== Data listing ==
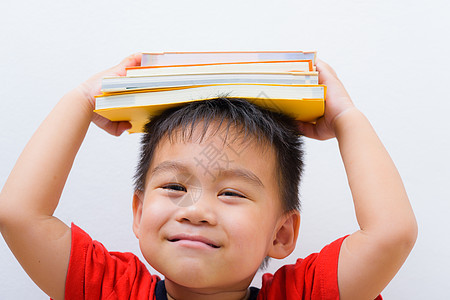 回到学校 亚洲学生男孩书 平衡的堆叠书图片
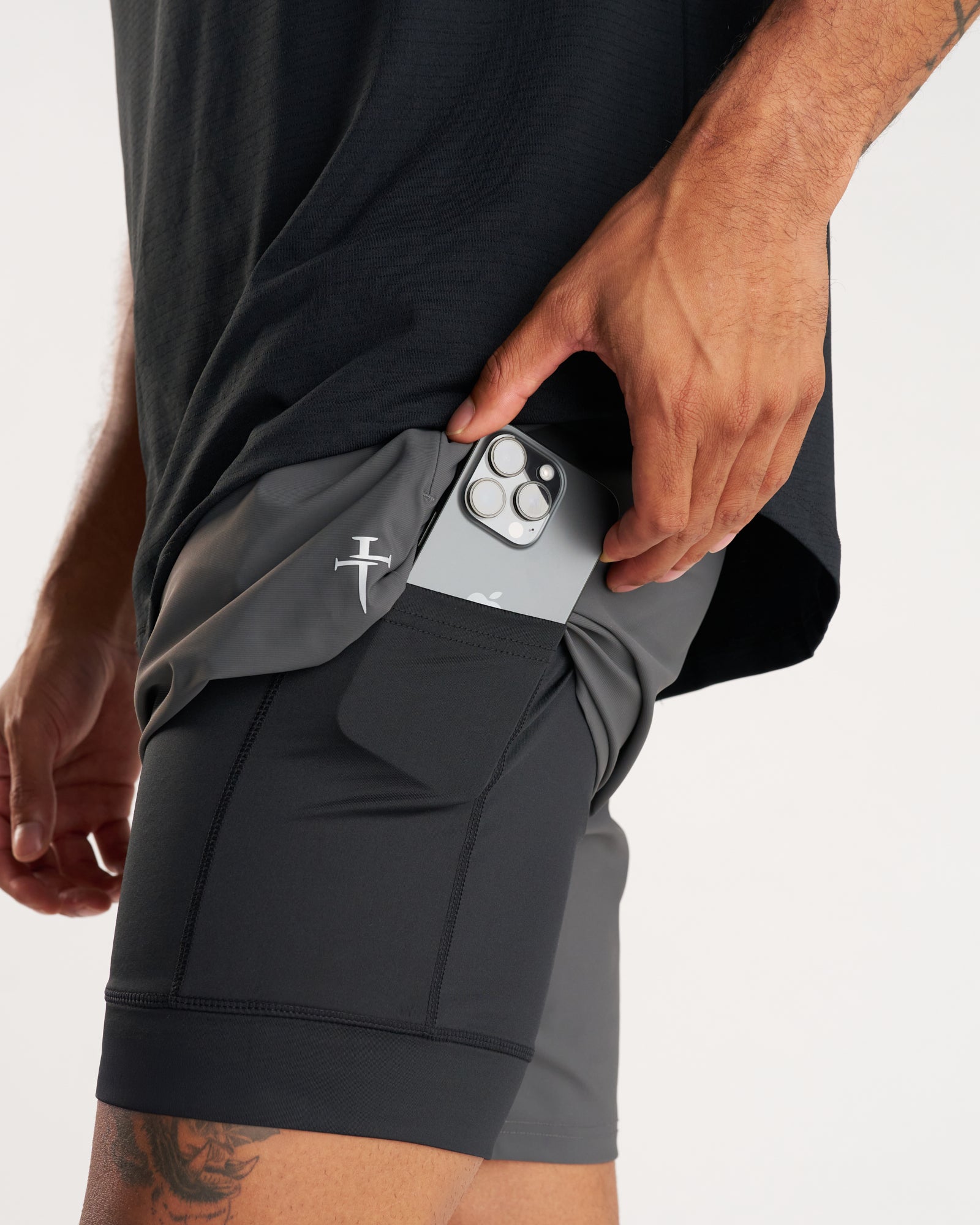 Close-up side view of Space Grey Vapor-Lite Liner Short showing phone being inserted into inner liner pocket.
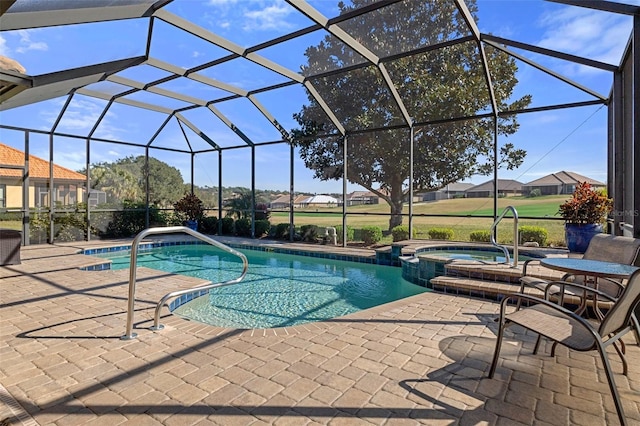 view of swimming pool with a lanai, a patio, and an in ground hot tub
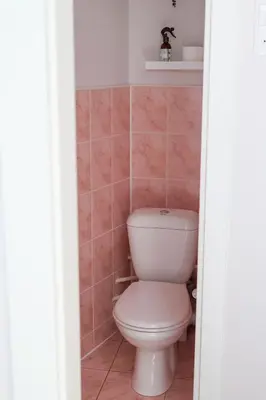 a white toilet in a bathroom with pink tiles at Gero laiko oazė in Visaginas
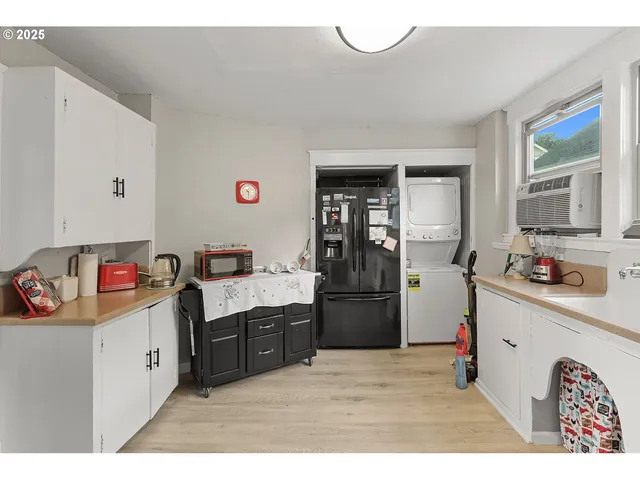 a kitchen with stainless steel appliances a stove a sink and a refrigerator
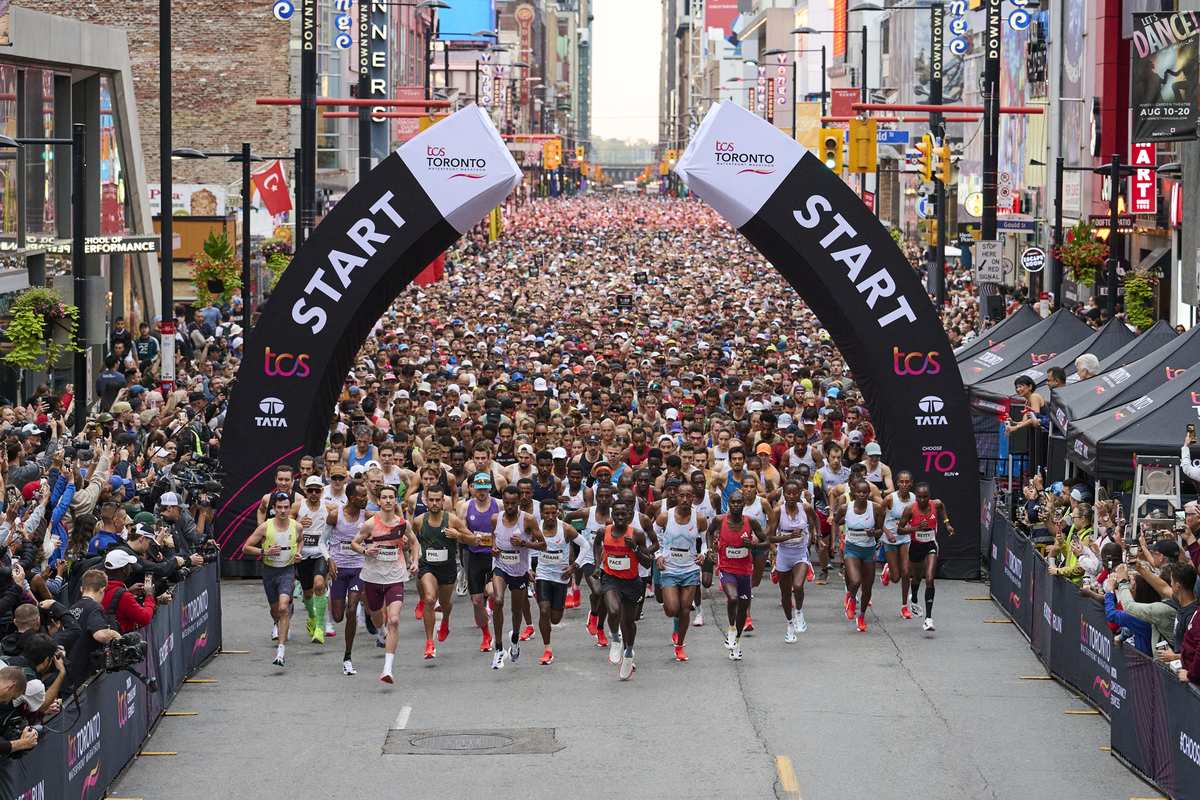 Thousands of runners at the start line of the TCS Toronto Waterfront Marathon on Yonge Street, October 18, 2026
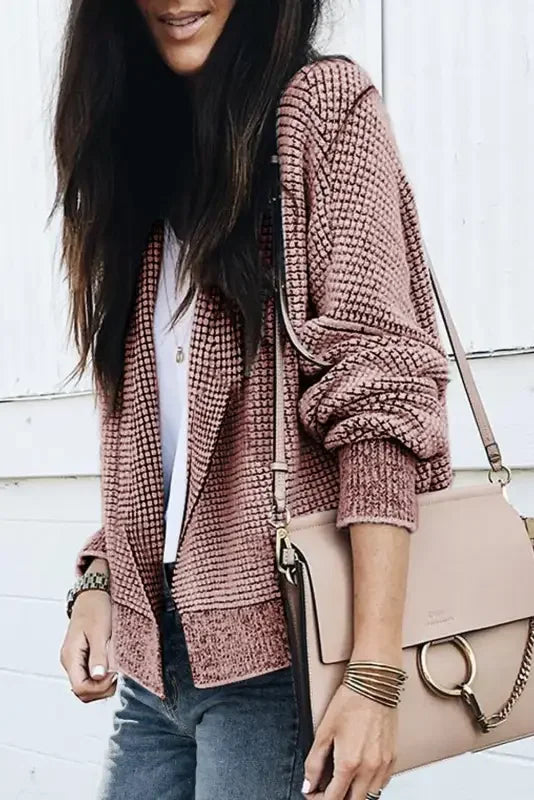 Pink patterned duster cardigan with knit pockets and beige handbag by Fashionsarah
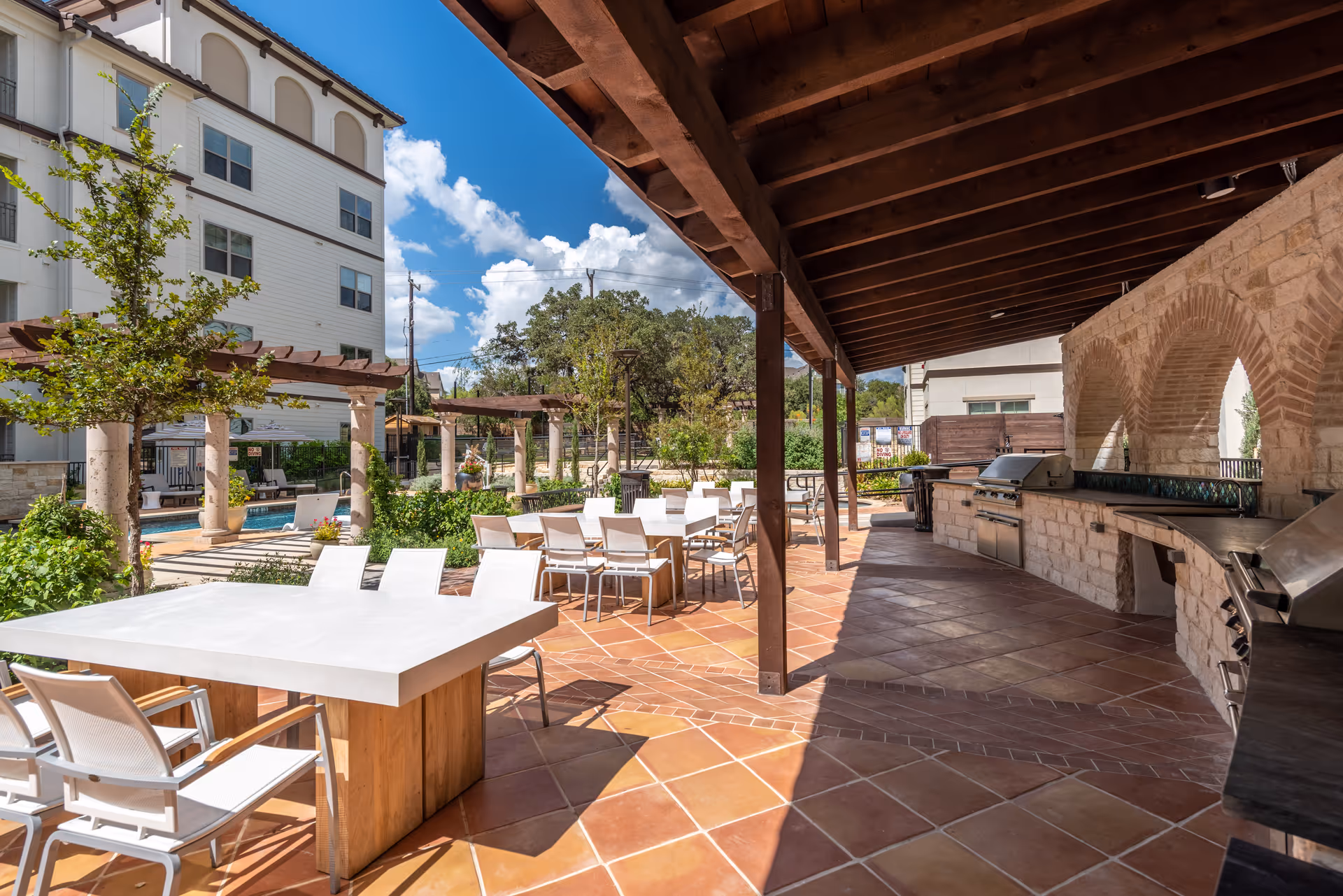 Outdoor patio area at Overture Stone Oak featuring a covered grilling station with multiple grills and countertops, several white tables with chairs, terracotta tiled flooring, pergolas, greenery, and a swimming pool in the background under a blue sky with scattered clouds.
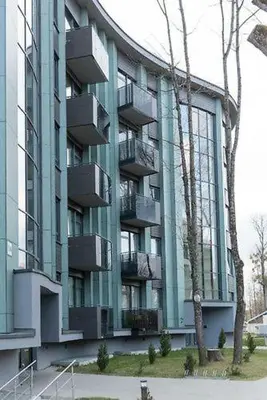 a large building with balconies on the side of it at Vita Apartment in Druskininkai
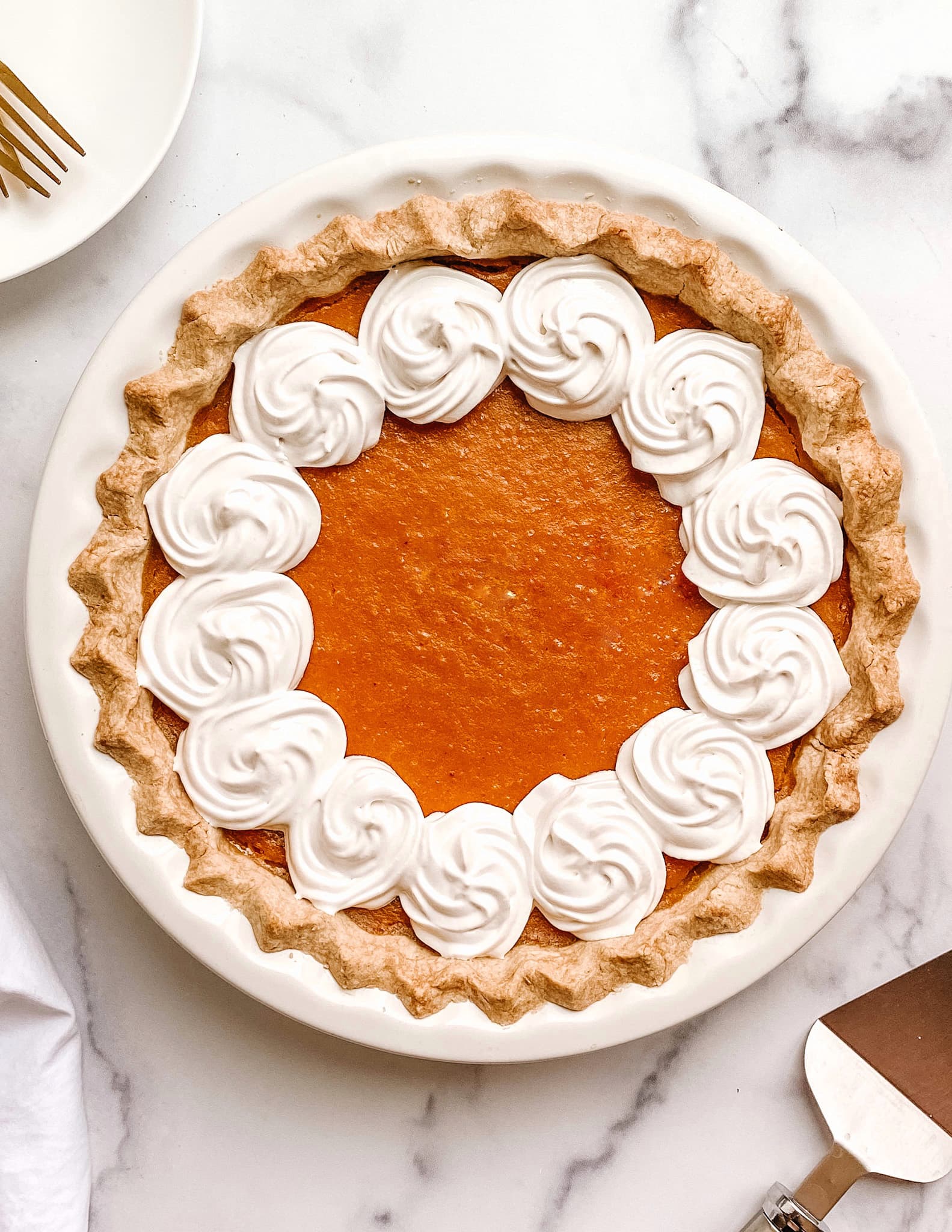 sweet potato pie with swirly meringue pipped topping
===
Produce the material above again in full, with identical lines and no pictures.

 回到学校 亚洲学生男孩书 平衡的堆叠书图片
 Close-up side view of Space Grey Vapor-Lite Liner Short showing phone being inserted into inner liner pocket.
 view of swimming pool with a lanai, a patio, and an in ground hot tub
 a white toilet in a bathroom with pink tiles at Gero laiko oazė in Visaginas
 a kitchen with stainless steel appliances a stove a sink and a refrigerator
 Thousands of runners at the start line of the TCS Toronto Waterfront Marathon on Yonge Street, October 18, 2026
 Pink patterned duster cardigan with knit pockets and beige handbag by Fashionsarah
 Outdoor patio area at Overture Stone Oak featuring a covered grilling station with multiple grills and countertops, several white tables with chairs, terracotta tiled flooring, pergolas, greenery, and a swimming pool in the background under a blue sky with scattered clouds.
 a large building with balconies on the side of it at Vita Apartment in Druskininkai
 sweet potato pie with swirly meringue pipped topping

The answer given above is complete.